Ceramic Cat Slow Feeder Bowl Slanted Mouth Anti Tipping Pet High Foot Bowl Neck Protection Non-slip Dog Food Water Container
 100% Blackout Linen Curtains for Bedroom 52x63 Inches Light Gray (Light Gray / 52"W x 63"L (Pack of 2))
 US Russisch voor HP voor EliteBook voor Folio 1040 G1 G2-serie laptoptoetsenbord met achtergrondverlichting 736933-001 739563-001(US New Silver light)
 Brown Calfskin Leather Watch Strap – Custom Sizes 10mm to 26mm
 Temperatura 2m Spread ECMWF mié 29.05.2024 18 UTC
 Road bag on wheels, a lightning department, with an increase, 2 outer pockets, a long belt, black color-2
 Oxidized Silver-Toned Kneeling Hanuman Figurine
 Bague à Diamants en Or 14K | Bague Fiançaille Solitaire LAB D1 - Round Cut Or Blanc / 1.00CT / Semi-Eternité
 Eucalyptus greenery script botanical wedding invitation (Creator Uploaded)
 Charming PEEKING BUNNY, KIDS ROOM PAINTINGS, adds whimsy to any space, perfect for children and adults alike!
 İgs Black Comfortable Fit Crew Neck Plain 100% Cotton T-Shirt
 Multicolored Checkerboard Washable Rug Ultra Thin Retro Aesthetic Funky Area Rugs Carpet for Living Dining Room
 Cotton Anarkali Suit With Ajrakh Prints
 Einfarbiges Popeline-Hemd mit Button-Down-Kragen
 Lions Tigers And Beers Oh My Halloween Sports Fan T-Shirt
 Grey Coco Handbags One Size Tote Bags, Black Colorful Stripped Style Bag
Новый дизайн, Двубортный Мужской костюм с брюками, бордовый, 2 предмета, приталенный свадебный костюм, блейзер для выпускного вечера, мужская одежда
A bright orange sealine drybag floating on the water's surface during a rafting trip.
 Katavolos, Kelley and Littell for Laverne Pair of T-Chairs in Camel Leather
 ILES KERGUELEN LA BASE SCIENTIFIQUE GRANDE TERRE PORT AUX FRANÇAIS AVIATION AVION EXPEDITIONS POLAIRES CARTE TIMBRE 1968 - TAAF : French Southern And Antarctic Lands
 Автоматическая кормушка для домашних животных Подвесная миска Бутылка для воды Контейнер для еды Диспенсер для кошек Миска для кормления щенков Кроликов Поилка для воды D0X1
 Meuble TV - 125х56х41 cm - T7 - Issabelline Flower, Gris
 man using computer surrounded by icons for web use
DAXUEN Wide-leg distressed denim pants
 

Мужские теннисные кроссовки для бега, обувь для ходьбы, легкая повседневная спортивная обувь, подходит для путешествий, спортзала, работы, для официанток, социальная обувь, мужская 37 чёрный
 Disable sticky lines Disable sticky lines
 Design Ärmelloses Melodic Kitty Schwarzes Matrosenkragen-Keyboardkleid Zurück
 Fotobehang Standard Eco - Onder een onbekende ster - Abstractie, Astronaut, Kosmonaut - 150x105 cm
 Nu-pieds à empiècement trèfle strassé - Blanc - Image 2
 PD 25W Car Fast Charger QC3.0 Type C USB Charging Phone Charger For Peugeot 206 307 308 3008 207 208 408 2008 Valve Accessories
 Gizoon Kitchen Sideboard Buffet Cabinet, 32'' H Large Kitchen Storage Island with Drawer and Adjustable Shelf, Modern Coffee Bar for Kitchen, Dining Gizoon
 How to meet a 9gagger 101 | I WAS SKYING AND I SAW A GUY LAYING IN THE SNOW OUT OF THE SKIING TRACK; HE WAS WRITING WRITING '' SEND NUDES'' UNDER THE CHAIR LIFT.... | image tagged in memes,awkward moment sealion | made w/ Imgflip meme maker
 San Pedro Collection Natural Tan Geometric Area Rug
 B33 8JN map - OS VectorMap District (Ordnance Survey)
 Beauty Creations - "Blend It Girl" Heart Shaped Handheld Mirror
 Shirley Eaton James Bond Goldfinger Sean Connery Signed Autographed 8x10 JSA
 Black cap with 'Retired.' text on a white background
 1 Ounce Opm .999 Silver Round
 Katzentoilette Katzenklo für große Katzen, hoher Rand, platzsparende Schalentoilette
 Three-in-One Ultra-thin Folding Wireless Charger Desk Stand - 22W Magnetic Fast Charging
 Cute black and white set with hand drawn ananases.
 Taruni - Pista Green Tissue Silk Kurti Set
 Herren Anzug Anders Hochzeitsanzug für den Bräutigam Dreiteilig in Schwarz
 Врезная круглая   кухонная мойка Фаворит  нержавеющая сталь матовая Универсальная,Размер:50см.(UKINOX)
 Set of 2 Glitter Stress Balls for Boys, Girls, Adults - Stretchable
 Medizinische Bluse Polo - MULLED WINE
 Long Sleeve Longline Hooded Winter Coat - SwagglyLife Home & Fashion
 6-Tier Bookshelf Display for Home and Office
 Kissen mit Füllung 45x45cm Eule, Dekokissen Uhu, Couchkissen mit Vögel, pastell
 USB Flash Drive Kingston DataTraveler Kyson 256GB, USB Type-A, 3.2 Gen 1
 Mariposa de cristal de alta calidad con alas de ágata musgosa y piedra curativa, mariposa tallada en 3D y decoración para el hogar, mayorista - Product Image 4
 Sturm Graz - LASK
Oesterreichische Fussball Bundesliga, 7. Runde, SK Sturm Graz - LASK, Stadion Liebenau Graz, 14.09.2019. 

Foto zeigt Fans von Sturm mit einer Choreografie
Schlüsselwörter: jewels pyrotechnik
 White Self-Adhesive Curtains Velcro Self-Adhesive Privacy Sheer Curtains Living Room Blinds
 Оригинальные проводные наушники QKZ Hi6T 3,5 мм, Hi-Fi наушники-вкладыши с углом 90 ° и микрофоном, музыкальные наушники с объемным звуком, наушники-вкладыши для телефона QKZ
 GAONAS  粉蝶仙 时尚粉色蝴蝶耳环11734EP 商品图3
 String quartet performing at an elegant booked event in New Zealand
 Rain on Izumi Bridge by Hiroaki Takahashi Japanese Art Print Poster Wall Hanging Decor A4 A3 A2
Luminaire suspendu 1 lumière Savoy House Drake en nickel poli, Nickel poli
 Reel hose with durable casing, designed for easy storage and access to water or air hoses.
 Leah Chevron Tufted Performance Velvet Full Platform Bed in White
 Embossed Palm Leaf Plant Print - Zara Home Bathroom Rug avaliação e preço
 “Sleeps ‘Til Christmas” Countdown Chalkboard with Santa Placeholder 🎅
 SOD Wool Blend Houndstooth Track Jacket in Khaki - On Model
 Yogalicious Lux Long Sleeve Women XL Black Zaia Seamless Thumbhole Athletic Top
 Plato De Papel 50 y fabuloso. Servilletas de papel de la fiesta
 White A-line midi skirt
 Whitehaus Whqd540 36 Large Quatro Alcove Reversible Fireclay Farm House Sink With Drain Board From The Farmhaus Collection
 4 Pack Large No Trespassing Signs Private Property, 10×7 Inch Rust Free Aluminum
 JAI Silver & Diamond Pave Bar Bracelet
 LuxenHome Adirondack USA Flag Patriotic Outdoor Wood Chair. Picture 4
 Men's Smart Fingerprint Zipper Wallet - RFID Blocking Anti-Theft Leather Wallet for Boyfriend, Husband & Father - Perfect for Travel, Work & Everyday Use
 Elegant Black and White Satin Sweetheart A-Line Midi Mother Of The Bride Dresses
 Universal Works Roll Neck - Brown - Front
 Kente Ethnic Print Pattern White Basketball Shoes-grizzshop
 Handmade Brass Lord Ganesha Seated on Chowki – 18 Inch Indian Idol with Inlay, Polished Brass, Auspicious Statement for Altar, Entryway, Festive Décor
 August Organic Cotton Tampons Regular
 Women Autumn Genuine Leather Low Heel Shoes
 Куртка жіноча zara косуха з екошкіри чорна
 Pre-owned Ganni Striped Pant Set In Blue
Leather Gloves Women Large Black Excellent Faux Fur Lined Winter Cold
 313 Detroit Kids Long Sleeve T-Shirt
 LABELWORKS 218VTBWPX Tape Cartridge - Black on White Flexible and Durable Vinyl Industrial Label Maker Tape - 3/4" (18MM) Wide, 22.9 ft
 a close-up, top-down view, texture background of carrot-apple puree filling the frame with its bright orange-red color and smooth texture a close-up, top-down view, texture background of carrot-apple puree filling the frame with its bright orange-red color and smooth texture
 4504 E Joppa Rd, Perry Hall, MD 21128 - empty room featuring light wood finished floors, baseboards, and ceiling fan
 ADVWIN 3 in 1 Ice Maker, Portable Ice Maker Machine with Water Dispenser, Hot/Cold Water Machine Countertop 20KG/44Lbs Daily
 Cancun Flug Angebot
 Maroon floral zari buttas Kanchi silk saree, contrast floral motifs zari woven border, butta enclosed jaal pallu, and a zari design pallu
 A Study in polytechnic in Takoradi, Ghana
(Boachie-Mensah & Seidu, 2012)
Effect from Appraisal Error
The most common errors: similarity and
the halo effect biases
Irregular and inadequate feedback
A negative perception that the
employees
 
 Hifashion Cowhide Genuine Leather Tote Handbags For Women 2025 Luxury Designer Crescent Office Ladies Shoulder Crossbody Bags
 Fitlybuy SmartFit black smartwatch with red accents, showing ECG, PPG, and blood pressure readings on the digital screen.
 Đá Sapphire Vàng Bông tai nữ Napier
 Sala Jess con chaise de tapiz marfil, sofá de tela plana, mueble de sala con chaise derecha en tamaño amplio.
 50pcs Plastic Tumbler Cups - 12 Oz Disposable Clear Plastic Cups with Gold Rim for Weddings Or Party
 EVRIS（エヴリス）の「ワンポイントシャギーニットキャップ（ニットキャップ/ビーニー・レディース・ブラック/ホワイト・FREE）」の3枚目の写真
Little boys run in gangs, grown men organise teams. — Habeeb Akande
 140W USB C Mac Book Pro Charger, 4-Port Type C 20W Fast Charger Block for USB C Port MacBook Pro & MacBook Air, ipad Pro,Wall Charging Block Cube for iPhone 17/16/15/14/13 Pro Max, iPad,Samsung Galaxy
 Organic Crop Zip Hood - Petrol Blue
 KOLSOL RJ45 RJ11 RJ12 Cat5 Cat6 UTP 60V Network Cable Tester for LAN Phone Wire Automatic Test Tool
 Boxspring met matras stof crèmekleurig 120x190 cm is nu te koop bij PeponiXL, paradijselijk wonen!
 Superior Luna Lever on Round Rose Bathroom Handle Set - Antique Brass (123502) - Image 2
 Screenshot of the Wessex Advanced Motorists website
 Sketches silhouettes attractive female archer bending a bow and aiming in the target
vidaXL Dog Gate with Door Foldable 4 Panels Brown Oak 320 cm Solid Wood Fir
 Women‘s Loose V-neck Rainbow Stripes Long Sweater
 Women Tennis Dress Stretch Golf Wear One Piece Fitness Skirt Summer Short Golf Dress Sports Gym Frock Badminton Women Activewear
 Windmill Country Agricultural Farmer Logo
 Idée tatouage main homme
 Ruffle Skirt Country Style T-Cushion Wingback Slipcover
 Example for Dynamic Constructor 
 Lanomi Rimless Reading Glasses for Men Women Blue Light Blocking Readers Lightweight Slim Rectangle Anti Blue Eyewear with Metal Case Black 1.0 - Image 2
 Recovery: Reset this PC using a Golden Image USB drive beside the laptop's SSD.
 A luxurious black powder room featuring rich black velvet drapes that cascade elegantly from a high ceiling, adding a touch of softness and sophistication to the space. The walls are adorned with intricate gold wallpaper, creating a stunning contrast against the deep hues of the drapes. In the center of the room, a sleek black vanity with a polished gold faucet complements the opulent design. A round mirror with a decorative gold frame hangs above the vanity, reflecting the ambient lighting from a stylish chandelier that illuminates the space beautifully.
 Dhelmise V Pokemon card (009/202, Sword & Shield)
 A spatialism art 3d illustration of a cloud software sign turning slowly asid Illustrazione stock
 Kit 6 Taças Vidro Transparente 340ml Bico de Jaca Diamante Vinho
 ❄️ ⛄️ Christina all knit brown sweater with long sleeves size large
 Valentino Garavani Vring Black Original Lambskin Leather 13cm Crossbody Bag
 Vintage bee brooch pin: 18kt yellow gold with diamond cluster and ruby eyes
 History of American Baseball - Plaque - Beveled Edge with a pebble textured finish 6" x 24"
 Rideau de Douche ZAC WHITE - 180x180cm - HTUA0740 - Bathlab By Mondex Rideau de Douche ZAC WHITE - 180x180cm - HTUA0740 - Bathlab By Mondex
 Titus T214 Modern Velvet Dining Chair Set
---
Activity.
Copy word for word the stretch of entries above from the line that has "Lanomi Rimless Reading" through the line that has "Recovery: Reset this", both ends included, and nothing outside it.

Response for this exercise.
 Lanomi Rimless Reading Glasses for Men Women Blue Light Blocking Readers Lightweight Slim Rectangle Anti Blue Eyewear with Metal Case Black 1.0 - Image 2
 Recovery: Reset this PC using a Golden Image USB drive beside the laptop's SSD.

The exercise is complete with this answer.